Two major judicial pronouncements this month have stipulated a debate over the rationale of patent rights of the international pharmaceutical companies in India. On April 1, the Supreme Court denied patent protection for Glivec, a cancer drug made by Novartis that’s patented in nearly 40 other countries. On April 5, the Delhi High Court dismissed a claim by Merck’s Indian subsidiary, Merck Sharp and Dohme, that Mumbai-based Glenmark Pharmaceuticals should be barred from marketing generic versions of the hit diabetes drugs, Januvia and Janumet.
The message is unmistakable. While the protection of intellectual property rights is essential to promote invention, international pharmaceutical manufacturers will not be allowed unlimited pricing power over the Indian market of 1.2 billion people. The industry’s obligation to provide access to life-saving drugs should outweigh its drive for profits.
The Supreme Court’s ruling is one of the most significant verdicts on patent law in independent India. That it has come at a time when the pharmaceutical industry is once again tending towards tight “oligopolisation” and high prices, which was the case before 1972 when the country had pharmaceutical product patent protection, is all the more welcome.

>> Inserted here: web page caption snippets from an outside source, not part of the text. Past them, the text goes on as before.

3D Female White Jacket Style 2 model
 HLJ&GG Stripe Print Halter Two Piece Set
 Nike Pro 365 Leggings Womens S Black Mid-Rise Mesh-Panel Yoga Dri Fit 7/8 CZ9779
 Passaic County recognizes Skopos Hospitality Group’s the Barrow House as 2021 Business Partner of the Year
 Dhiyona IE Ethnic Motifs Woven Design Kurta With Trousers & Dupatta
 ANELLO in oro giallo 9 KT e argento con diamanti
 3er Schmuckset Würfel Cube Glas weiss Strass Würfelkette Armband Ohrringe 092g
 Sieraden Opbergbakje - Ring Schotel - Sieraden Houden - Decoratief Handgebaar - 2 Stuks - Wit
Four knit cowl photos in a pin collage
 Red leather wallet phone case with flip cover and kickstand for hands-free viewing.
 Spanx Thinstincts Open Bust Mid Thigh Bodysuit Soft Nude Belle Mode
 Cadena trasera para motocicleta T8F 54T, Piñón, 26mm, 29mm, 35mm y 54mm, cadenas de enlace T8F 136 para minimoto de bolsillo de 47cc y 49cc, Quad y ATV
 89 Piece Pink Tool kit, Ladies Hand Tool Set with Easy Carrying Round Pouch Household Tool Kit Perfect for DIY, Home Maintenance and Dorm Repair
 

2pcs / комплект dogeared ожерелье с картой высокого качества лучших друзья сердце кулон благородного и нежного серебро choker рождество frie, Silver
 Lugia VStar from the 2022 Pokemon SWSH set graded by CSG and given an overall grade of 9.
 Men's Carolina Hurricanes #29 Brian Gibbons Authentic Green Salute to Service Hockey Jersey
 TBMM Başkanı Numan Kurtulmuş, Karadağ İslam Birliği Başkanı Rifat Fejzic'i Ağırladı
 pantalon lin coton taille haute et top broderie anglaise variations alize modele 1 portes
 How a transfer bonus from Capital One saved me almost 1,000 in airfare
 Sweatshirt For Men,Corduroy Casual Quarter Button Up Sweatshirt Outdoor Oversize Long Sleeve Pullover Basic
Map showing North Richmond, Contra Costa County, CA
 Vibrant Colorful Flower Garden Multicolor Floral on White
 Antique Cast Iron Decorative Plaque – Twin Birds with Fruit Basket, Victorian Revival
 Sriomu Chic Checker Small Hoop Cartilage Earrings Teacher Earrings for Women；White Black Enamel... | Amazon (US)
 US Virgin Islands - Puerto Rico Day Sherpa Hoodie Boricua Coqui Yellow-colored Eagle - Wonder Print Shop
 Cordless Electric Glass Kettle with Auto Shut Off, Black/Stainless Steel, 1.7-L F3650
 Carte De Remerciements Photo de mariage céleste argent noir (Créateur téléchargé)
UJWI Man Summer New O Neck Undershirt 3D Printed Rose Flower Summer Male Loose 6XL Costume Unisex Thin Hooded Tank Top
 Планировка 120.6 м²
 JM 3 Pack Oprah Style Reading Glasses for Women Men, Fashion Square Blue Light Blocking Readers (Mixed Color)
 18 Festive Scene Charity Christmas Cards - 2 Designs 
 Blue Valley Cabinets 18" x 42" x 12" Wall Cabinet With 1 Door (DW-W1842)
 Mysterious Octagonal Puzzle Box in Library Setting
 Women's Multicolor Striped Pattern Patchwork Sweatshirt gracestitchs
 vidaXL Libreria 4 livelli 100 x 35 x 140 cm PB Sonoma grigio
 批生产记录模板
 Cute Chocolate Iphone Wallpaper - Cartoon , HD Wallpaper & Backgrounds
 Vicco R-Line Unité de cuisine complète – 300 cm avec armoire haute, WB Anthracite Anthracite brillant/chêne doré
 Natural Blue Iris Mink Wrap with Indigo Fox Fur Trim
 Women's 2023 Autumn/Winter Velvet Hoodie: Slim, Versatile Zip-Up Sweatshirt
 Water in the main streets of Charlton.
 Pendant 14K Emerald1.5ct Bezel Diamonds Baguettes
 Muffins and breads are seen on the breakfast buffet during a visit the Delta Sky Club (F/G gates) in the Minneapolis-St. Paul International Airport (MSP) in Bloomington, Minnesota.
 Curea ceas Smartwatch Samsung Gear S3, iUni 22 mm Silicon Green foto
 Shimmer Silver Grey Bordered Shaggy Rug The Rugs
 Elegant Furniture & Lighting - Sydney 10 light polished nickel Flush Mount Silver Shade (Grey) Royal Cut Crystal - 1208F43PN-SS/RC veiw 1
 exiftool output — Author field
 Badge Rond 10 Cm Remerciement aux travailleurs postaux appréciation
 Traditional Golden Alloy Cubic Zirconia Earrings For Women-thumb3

India did not start granting patents on drugs until 2005, and even then, its laws only applied to drugs discovered after 1995. Novartis patented an early version of Glivec in 1993 and then abandoned it in favour of the molecule that’s on the market today. The Supreme Court ruled that the two drugs were not different enough to warrant a patent in India on the marketed version. With the coming into force of pharmaceutical product patent protection in January 2005 following the third amendment of the Indian Patents Act (IPA), transnational pharmaceutical companies have been marketing patented medicines at exorbitant prices, particularly in the case of life-threatening diseases such as cancer.
Novartis’ Glivec—used for the treatment of chronic myeloid leukaemia (a form of blood cancer)—has been a prime example. The company had applied for a patent for the beta crystalline form of IM on July 17, 1998, which went into the “post-box for filing” under the TRIPS agreement, but it was granted an exclusive marketing right in 2003. It was charging an unaffordable `1.2 lakh per month for the required dose. Fortunately, Indian drug manufacturers such as Natco, Cipla and Ranbaxy entered the market with generic variants at one-tenth of that price.
Meanwhile Novartis’ patent application was stoutly opposed by the Cancer Patients Aid Association and others. Given the disclosure in the original patent for Imatinib free base, its beta crystalline form of IM was found to be “obvious” and also unable to pass the test of Section 3(d) of IPA, 2005 and the patent was denied.
Hearing the final appeal in the case, the Supreme Court went into the history of patent legislation in India up to the TRIPS agreement and the 2005 amendment of the IPA. It held that Section 3(d) of IPA is meant to “leave the door open for true and genuine inventions, but, at the same time, to check any attempt at repetitive patenting or extension of the patent term on spurious grounds”.
In effect, the SC has laid down that the IPA, 2005 is not meant to commercially reward “ever-greening” or the use of minor, almost cosmetic, changes in the product to allow continual extension of patent protection and the concomitant super-profits. The purpose of the intellectual property rights is to incentivise only genuine research.
The pharmaceutical industry has for years consolidated profits by advocating a stronger and ever inequitable global intellectual-property regime. The Supreme Court’s refusal to uphold the patent on a blockbuster cancer drug, though only a small reversal for the big pharmas, sets a good precedent for other developing countries and frees up money and resources that can contribute to growth and poverty reduction efforts.